ÇİN’İN SABİT FİYAT VE SATIN ALMA YÖNTEMİ
Benim Çin’e ilk ziyaretim 2008’de olmuştu. Çin’deki bir fuarda bir ton galvanizlenmiş demirin tonunu 750 liraya görmüştüm. Yanımda bir Türk müteahhit vardı ona demiri Türkiye’de kaç liraya aldığını sorduğumda bin 250 lira demişti. Aradaki farkın nasıl oluştuğunu araştırdığımda Çin’in yılın başında dünyadaki birçok demir-çelik fabrikasından düşük fiyattan satın alma gerçekleştirdiğini gördüm. Türk müteahhit yıl başında demirin 600 lira olduğunu söyledi o zaman demek ki, kasım-aralık aylarında gidip demiri 500 liradan alıp maliyetiyle yıl içinde bunu 750 liraya satabiliyor. Burada da Çin’in büyük satın alma firmaları oradaki marjdan dünyanın en büyük satın alma firmaları haline gelebiliyor.

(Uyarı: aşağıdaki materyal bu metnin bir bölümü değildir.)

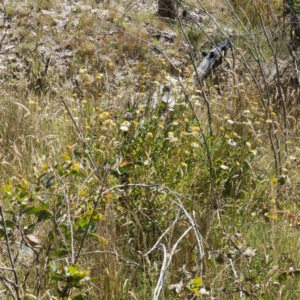 Leucanthemum x superbum at Namadgi National Park - 12 Feb 2024 10:48 AM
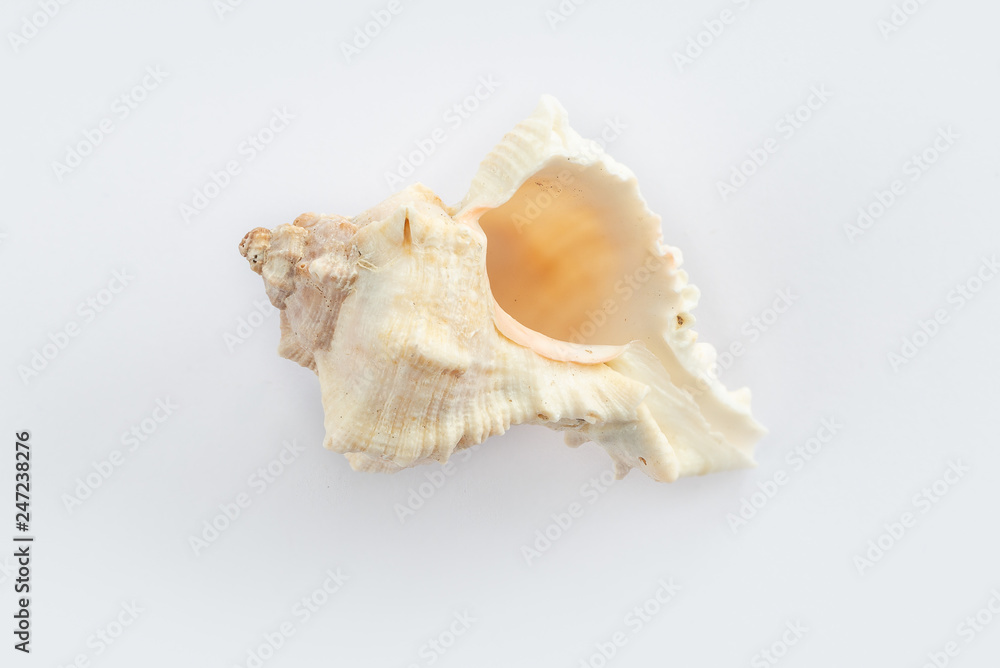 dSea shells on a white background dSea shells on a white background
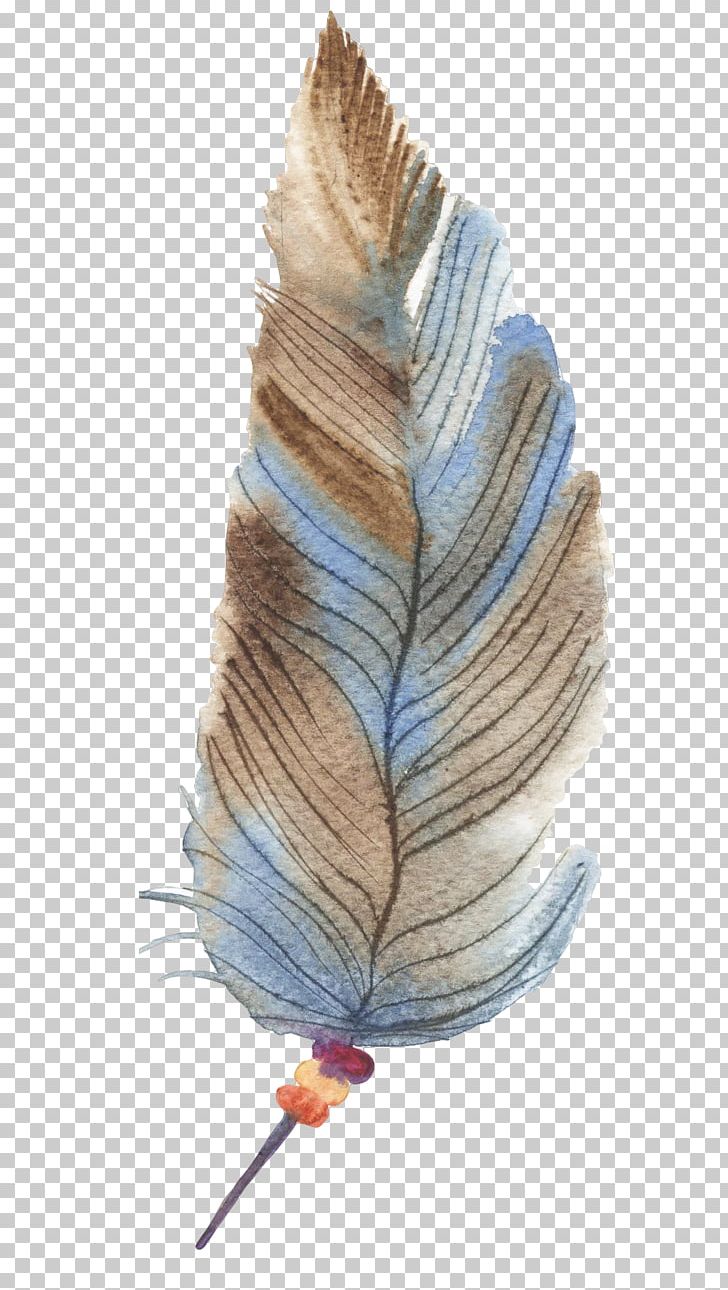 Feather Drawing PNG, Clipart, Adobe Illustrator, Animals, Designer, Diagram, Download Free PNG Download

TÜRKİYE’NİN DURUMU VE GELECEĞE BAKIŞ
Türkiye’ye geldiğimizde ise kitapta Türkiye’nin neler yapması gerektiği, nasıl bir yol izlemesi gerektiğini inceledik. Bu boyutta Türkiye’nin düşmüş olduğu yanılgılardan biri şu; evet altyapımızı geliştirmek için büyük çabalar sarf ettik. Bunları yaparken bazen borçlandık, ileriye yönelik yükümlülüklerle bunların ödemesi altına geldik. Türkiye ben bilime, teknolojiye yatırım yapayım, yüksek katma değerli ürün üretimi yapayım bunlardan elde ettiğim parayla da altyapı yatırımlarını yapayım borçlanmayayım. Çin’in borçlanması var mı var ama stratejik olarak bakıldığında bir ülkeye borçlanma da gereklidir. Bu boyutta ise Türkiye’nin verimlilik odaklı, bilişim ve teknolojiyi üst plana çıkarabilecek eğitim politikalarını yeniden belirleyebilecek ve bu politikalarda teknolojik büyümeyi nasıl geliştirebileceği boyutunda bir girişimde bulunması gereklidir.
ÇİN’İN DİĞER ÜLKELERDEN POZİTİF AYRILIŞI
Türkiye bir G20 ülkesi, dünya ekonomileri arasında ilk 20’de yer almak için bizim kitabımızdaki 29 endeks içinde hangi endekslerde yüksek olması gerekir, diye baktık. Burada gayri safi sermaye yatırımlarında Türkiye çok iyi. Bunlar sabit yatırımlar oluyor tesisler, makine ve ekipmanlar, okullar, hastaneler, otoyollar ve benzerleri. Türkiye 20 yılda bunlara yatırım yapan ve kuvvetlendiren bir ülke olarak görülüyor. Çin’e de baktık, PISA okuma, matematik, bilim bunun yanında Türkiye gibi gayri safi sermaye yatırımları, toplam faktör verimlilikleri, ekonomik kompleksite, global inovasyon dediğimizde Çin’in başarı faktörü eğitime, bilime yüksek katma değer yaratan sanayiye yatırım yapmak olarak görülüyor. Çin 2000-2010 yılında gelişmekte olan ülkelerin gayri safi hasılasından yüzde 30 pay alırken bu inovasyon ile 2020’ye geldiğimizde BRICS-MINT’te gayri safi hasılanın yüzde 60’ını almaya başlıyor.”
*BRICS: Brezilya, Rusya, Hindistan, Çin ve Güney Afrika’dan oluşan uluslararası örgüt.
**MINT: Meksika, Endonezya, Nijerya ve Türkiye ekonomilerini belirtmede kullanılan bir kısaltmadır.